# Stored data
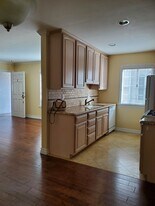 4428 Moorpark Townhome in Toluca Lake, CA - Building Photo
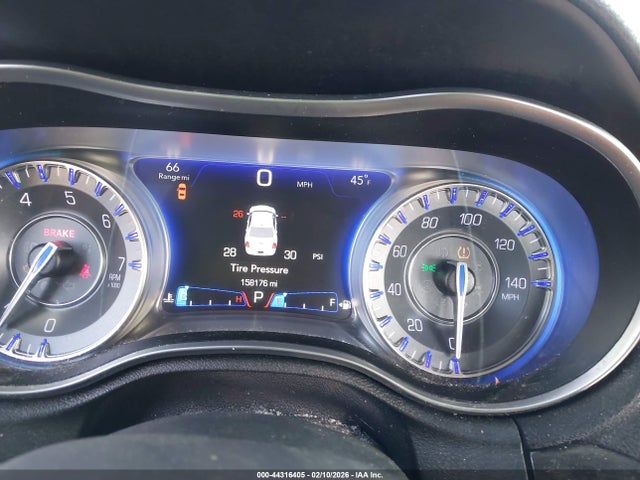 2016 Chrysler 300 Limited მანქანა იყიდება აუქციონზე, vin: 2C3CCAAG5GH151514, აუქციონის ნომერი: 44316405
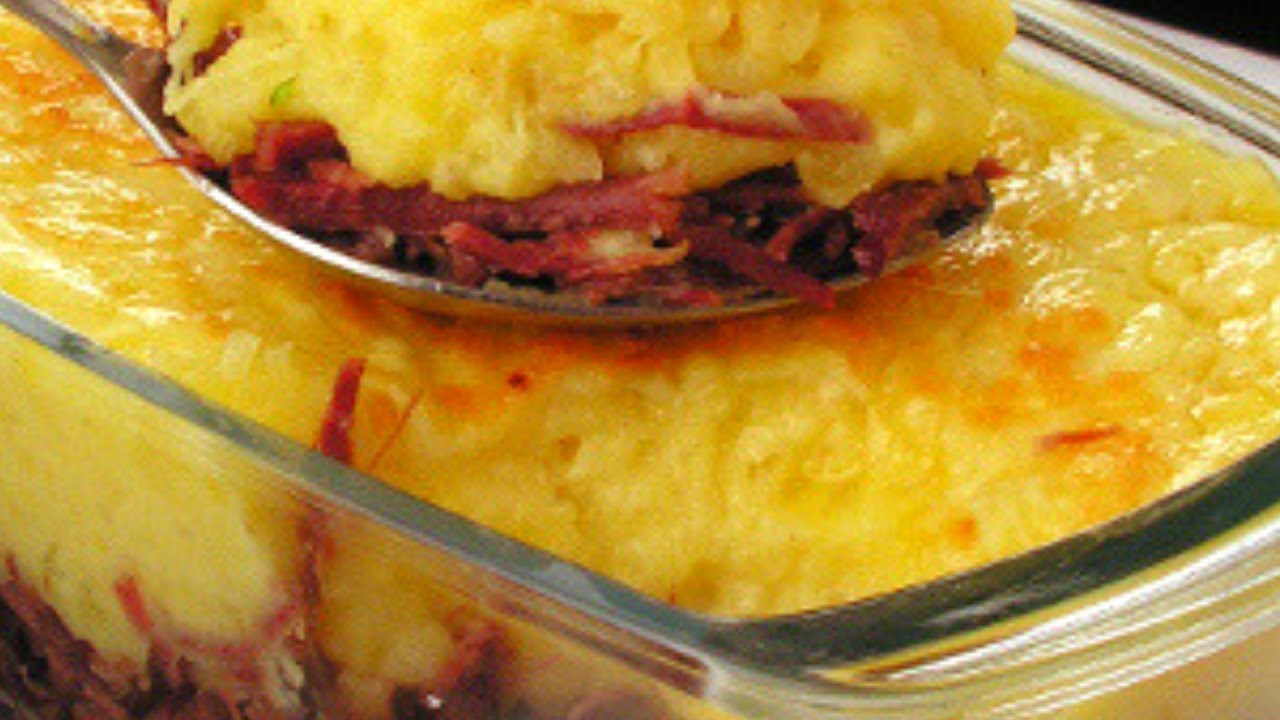 ESCONDIDINHO DE BATATA COM CARNE SECA
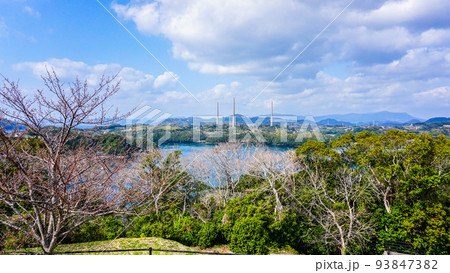 巨塔がそびえる廃虚軍事施設「針尾送信所」長崎県佐世保市 93847382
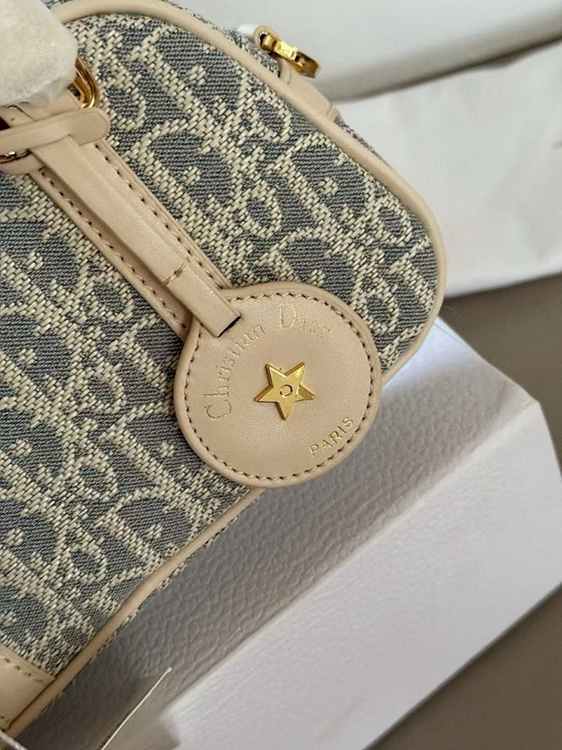 e3dae71508bf7f7ff2578e324d0d40a7_1758609427_8579.jpg e3dae71508bf7f7ff2578e324d0d40a7_1758609427_8579.jpg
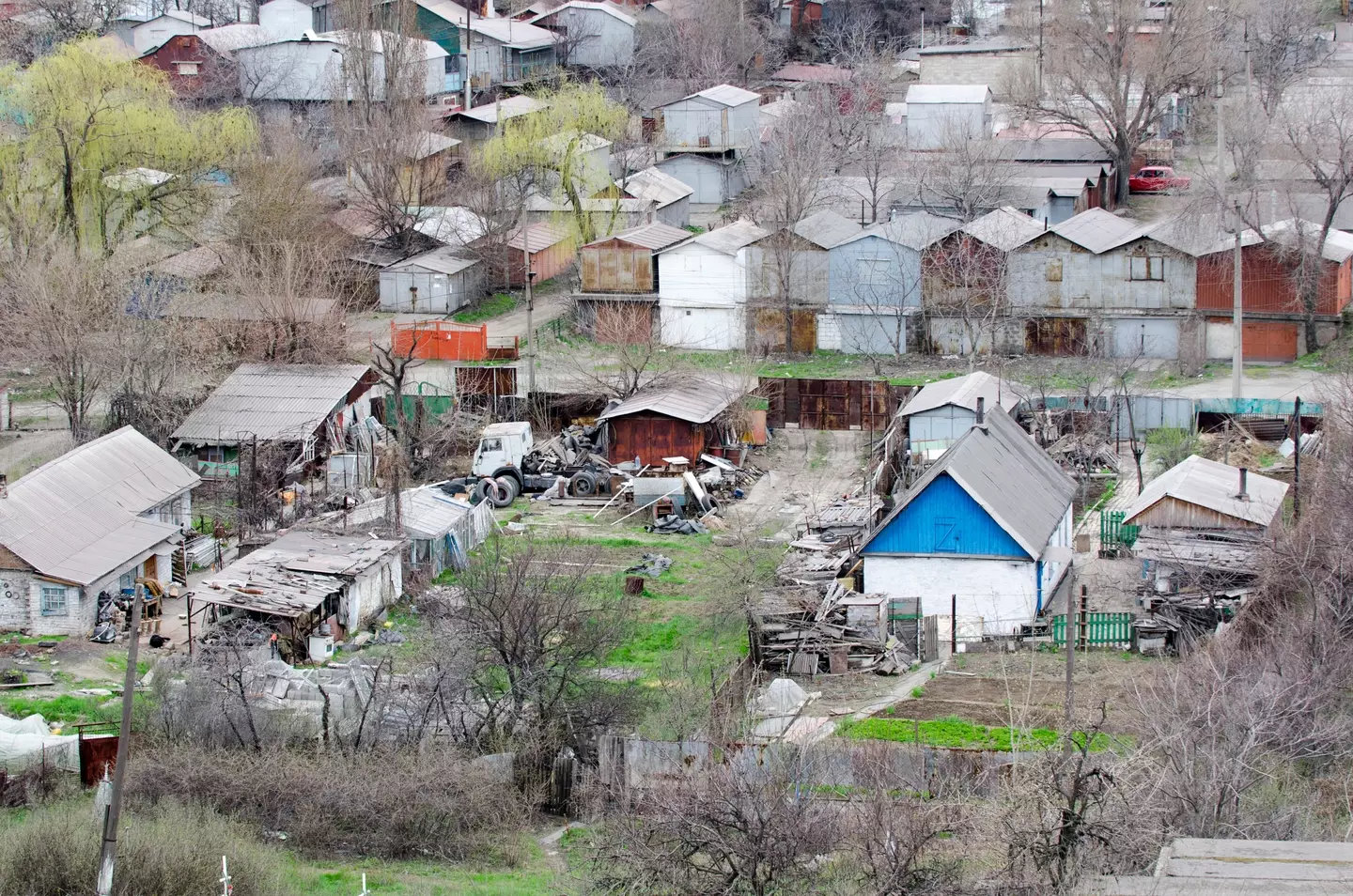 10,000 civilians are estimated to have been killed in Mariupol so far.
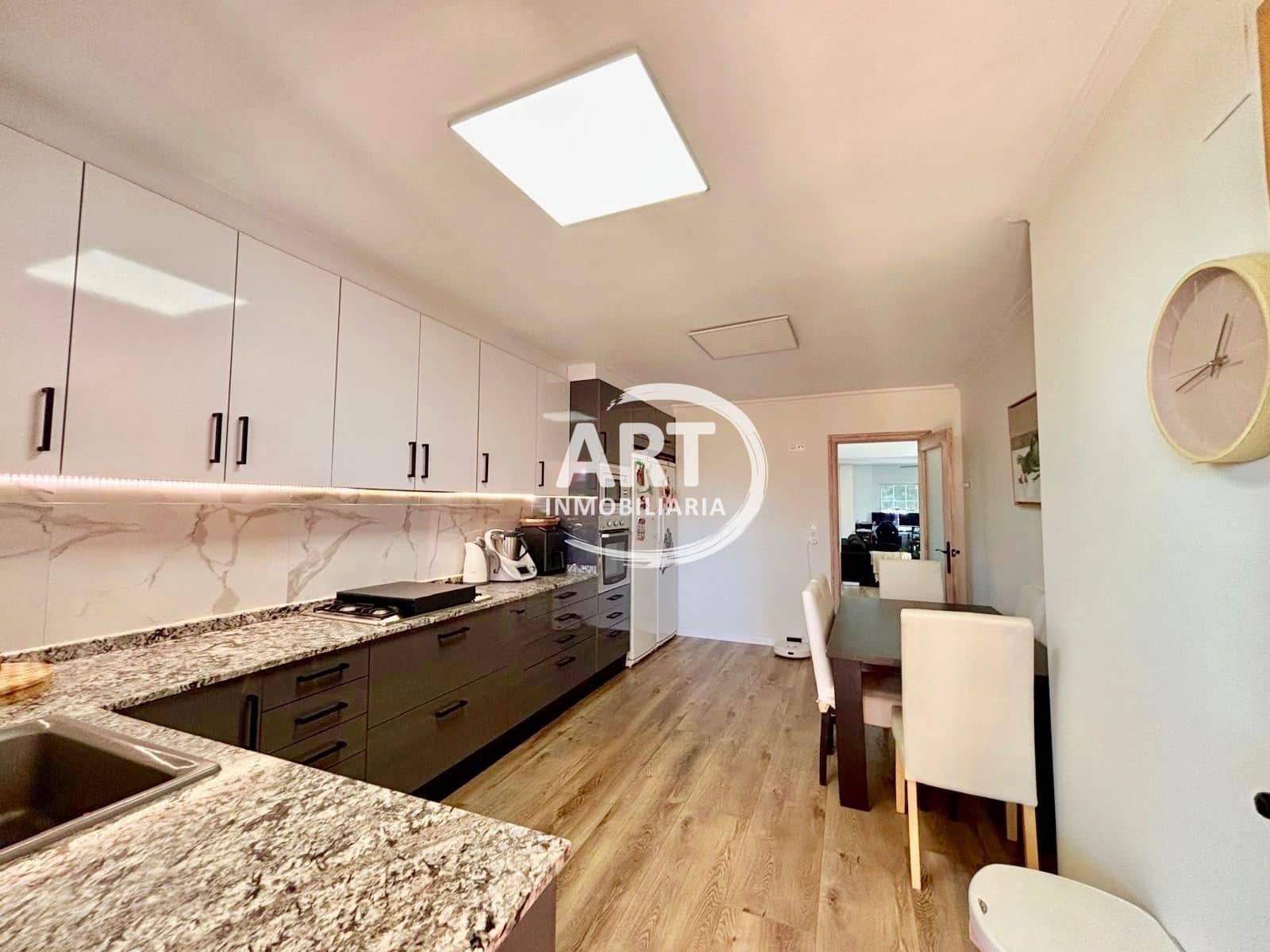 5 bedroom Villa for sale in L'Eliana with pool garage - € 670,000 (Ref: 10054622)
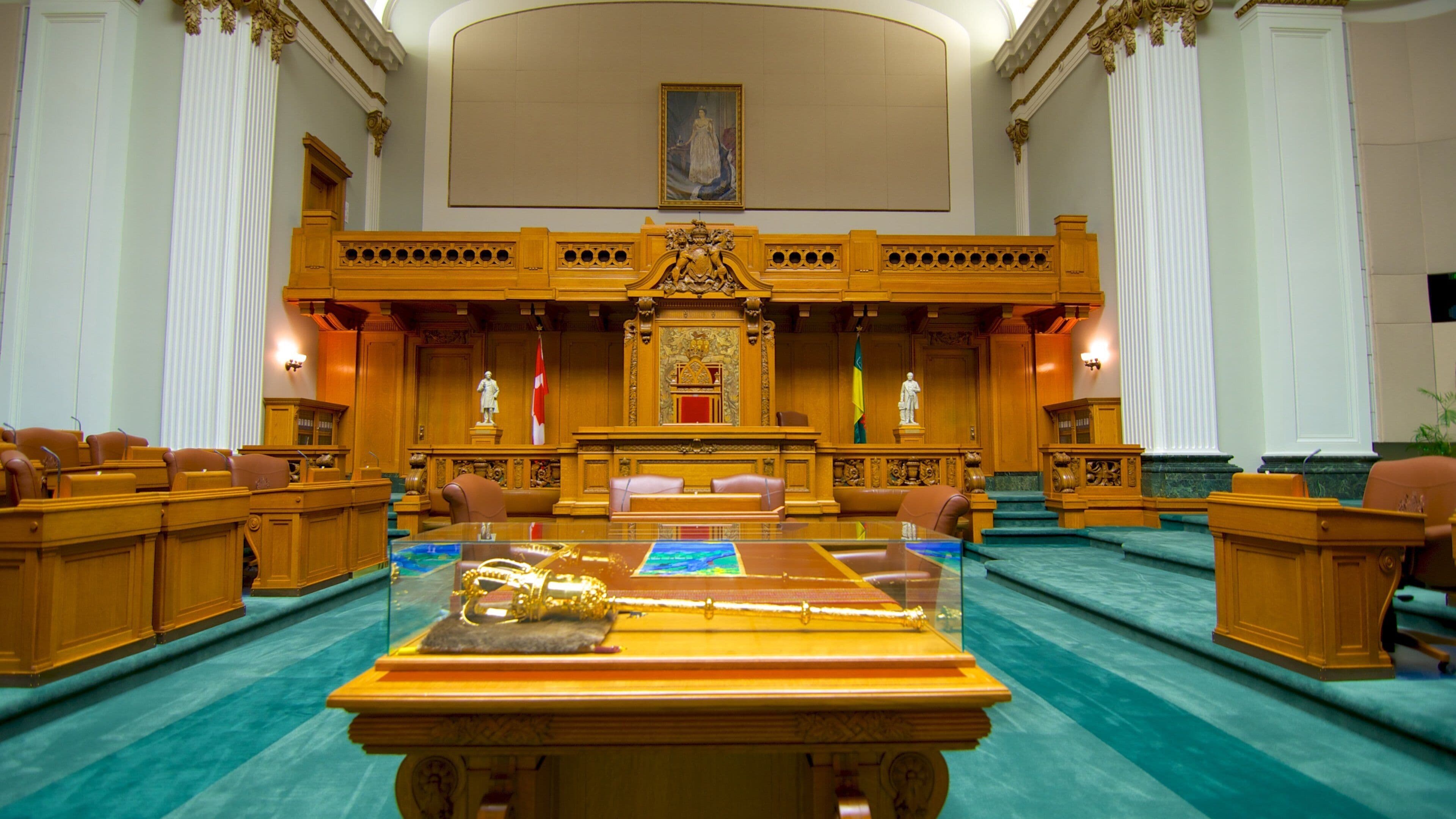 Saskatchewan Legislative Building mostrando elementos del patrimonio, patrimonio de arquitectura y un edificio administrativo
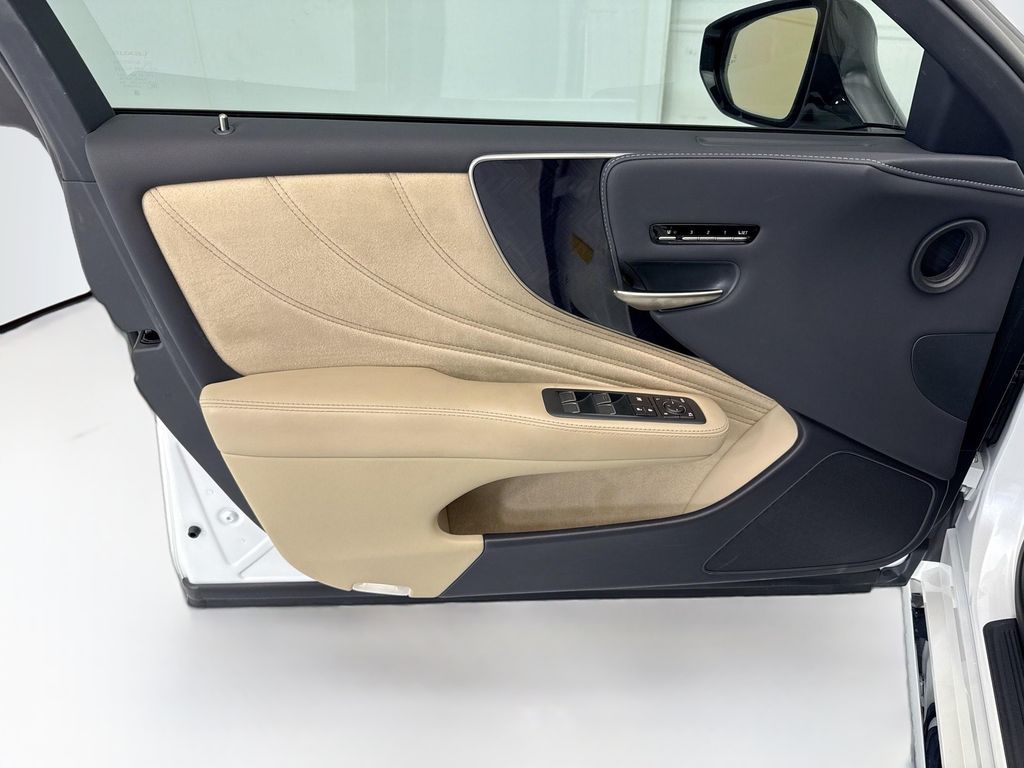 Thumbnail: 2024 Lexus LS - 22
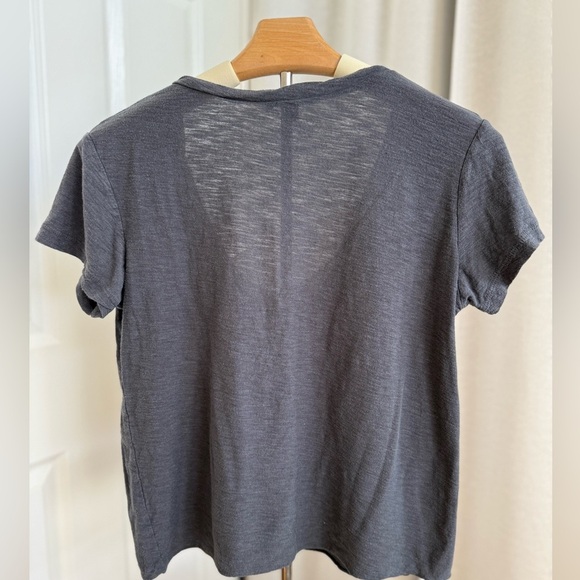James Perse Deep V-Neck T-Shirt in grey Cotton & Modal Blend Size 2 / Medium - Picture 2 of 5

# TASK BRIEF
Quote the records in their entirety, keeping the wording exact and excluding pictures.

# SOLUTION TO THE PROBLEM
 4428 Moorpark Townhome in Toluca Lake, CA - Building Photo
 2016 Chrysler 300 Limited მანქანა იყიდება აუქციონზე, vin: 2C3CCAAG5GH151514, აუქციონის ნომერი: 44316405
 ESCONDIDINHO DE BATATA COM CARNE SECA
 巨塔がそびえる廃虚軍事施設「針尾送信所」長崎県佐世保市 93847382
 e3dae71508bf7f7ff2578e324d0d40a7_1758609427_8579.jpg e3dae71508bf7f7ff2578e324d0d40a7_1758609427_8579.jpg
 10,000 civilians are estimated to have been killed in Mariupol so far.
 5 bedroom Villa for sale in L'Eliana with pool garage - € 670,000 (Ref: 10054622)
 Saskatchewan Legislative Building mostrando elementos del patrimonio, patrimonio de arquitectura y un edificio administrativo
 Thumbnail: 2024 Lexus LS - 22
James Perse Deep V-Neck T-Shirt in grey Cotton & Modal Blend Size 2 / Medium - Picture 2 of 5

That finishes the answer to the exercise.